I have a frustrating problem. My language tool is installed on opensuse using lucene 8.5.
I cannot use the ngram data since the 1ngrams are in lucene 3 and 3ngrams in lucene 5.
The frustrating part is that I will able to downgrade lucene to 6.6 and upgrade the 3grams.
However, there is no easily availble codec to upgrade the 1grams to a current lucene index formula.
The worst is that with lucene 6.6 I can upgrade the 3grams to 6, but lucene 8.5 can read version 6, but cannot upgrade! The whole system seems be disigned to make version compatibility very difficult.
Language tool will not run without the 1 and 2 ngrams. Is there a way to get a version of the ngrams in in lucene index versions 6 or later?
Lucene cannot read its own indexes of old Lucene versions. So the index needs to be upgraded. For that, download the binary Lucene distribution and call (upgrading a Lucene 4.x to 5.x in this example): java -cp ./backward-codecs/lucene-backward-codecs-5.5.5.jar:./core/lucene-core-5.5.5.jar org.apache.lucene.index.IndexUpgrader path-to-index
It seems Lucene version x can only read and upgrade indexes from Lucene version x-1.
Yes - I was successful in updating indexes in 3ngrams doing this. But the problem I had is the 1ngrams and 2ngrams that are in version 3.
I could not find .jar code that would upgrade from 3 to 4? The code seemed to be missing from the apache site, and the maven repo only had the code for later versions.
Is there a way to rebuild the 1ngrams and 2ngrams with a recent version of lucene?
I just checked the version, and this is what I get:
en/1grams 4.10.1
en/2grams 4.9.0 and 4.10.1
en/3grams 5.2.1
So I don’t see Lucene 3.x there. But anyway, I’m not sure about your setup. You say “installed on opensuse using lucene 8.5”, but LanguageTool comes with all its libraries in the correct version, including Lucene 5.5. The Lucene on your operating system should not be relevant. Or is it relevant because you develop your own Java-based software which already uses Lucene 8.5?
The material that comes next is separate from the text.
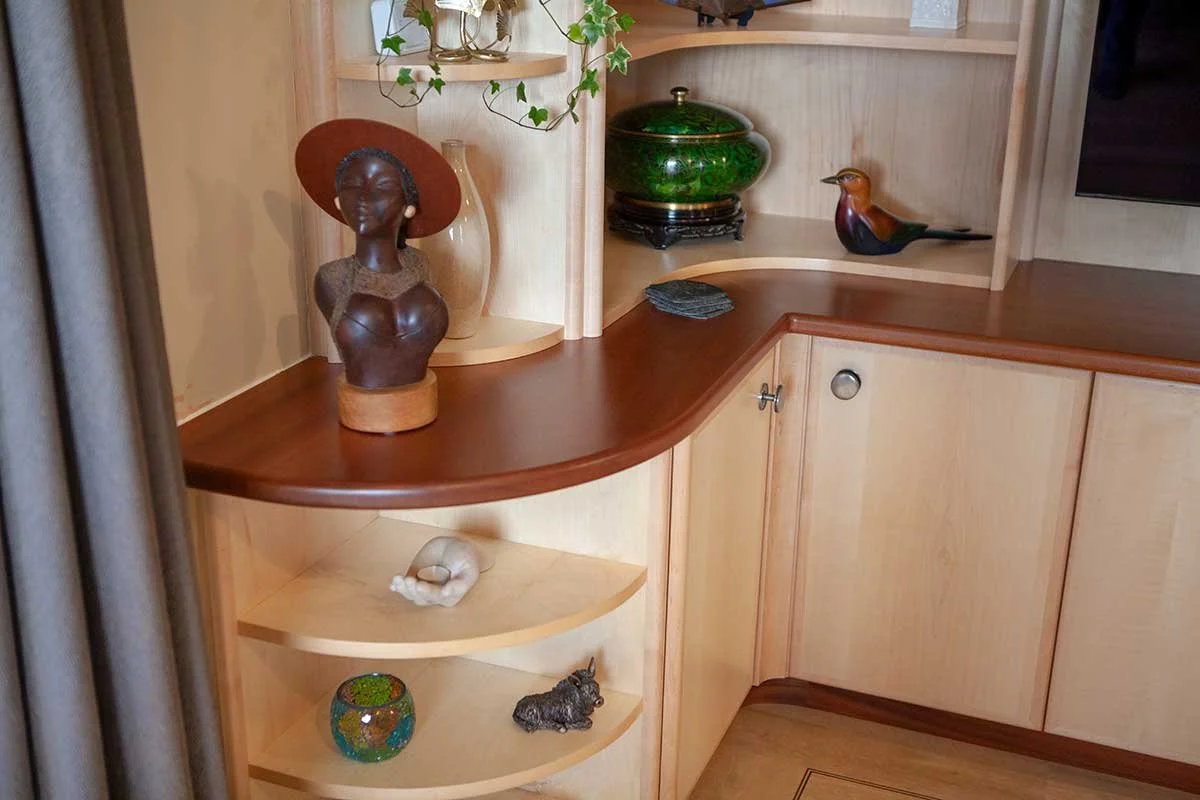 Decorative wooden cabinet with sculptures, vases, and decorative objects, including a bust of a woman, a ceramic bird, and a colorful glass bowl.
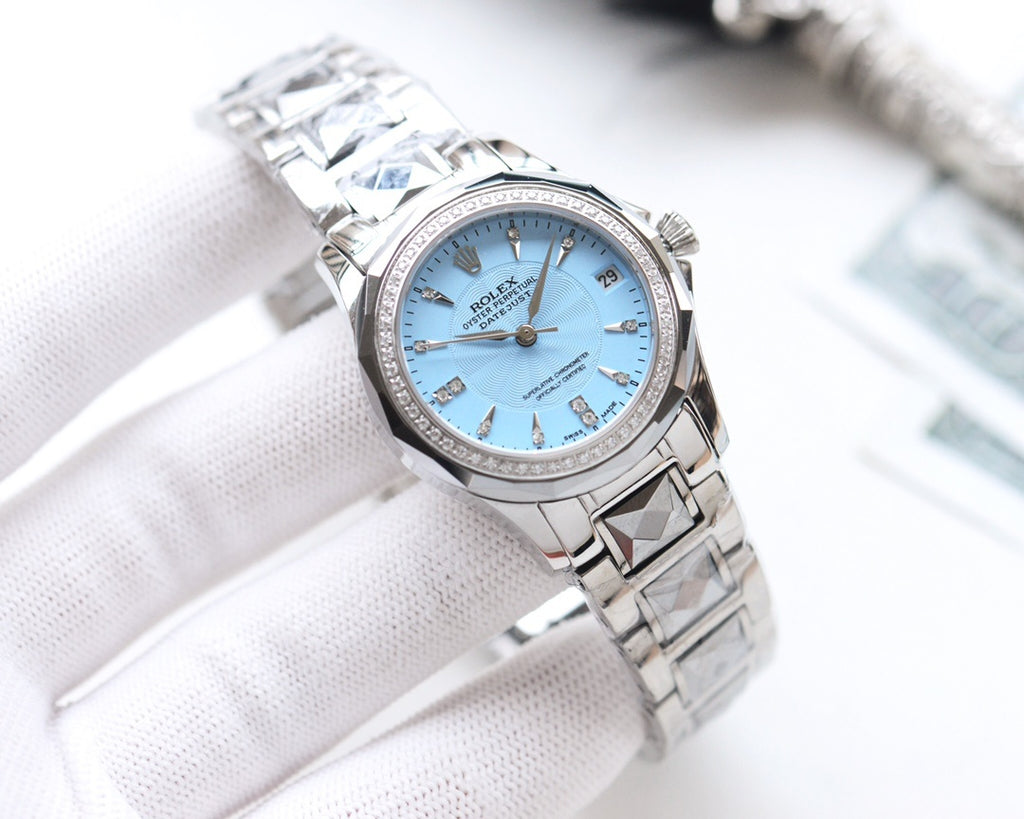 Rolex wristwatch with light blue dial and stainless steel bracelet, gold hands and markers.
The langtool that comes with opensuse 15.1 and works with emacs uses lucene 8.5. I have reindexd up to version 7, but version 8.5 requires the index to be rebuilt from the original data and refuses to use the current archive since it was build with a version below 7 (there is a marker in the file that tells lucene that the file started with a lower version). This is a documented feature of lucene. Langtool works fine in emacs with lucene 8.5. Is there a single archive with the original data to rebuild the indexes? 8.5 is suppose to be faster and so this would lead to better performance? thanks so much wbm.
There’s no single archive that can be used to easily re-index the data. I’d suggest contacting the maintainer of the package and let them know LT currently uses Lucene 5.5, using any other version will lead to problems.
Many thanks. I got it to work with lucene 6.6 using archive en-20150817, that I upgraded to version 6 indexes. Langtool in emacs now runs (it is did not run before I upgraded the indexes, so I know it is
finding them). This version does not detect the errors in your test phrases, and so does not work
better than the version on opensuse using lucene 8.5. The upgrade process may have removed some data.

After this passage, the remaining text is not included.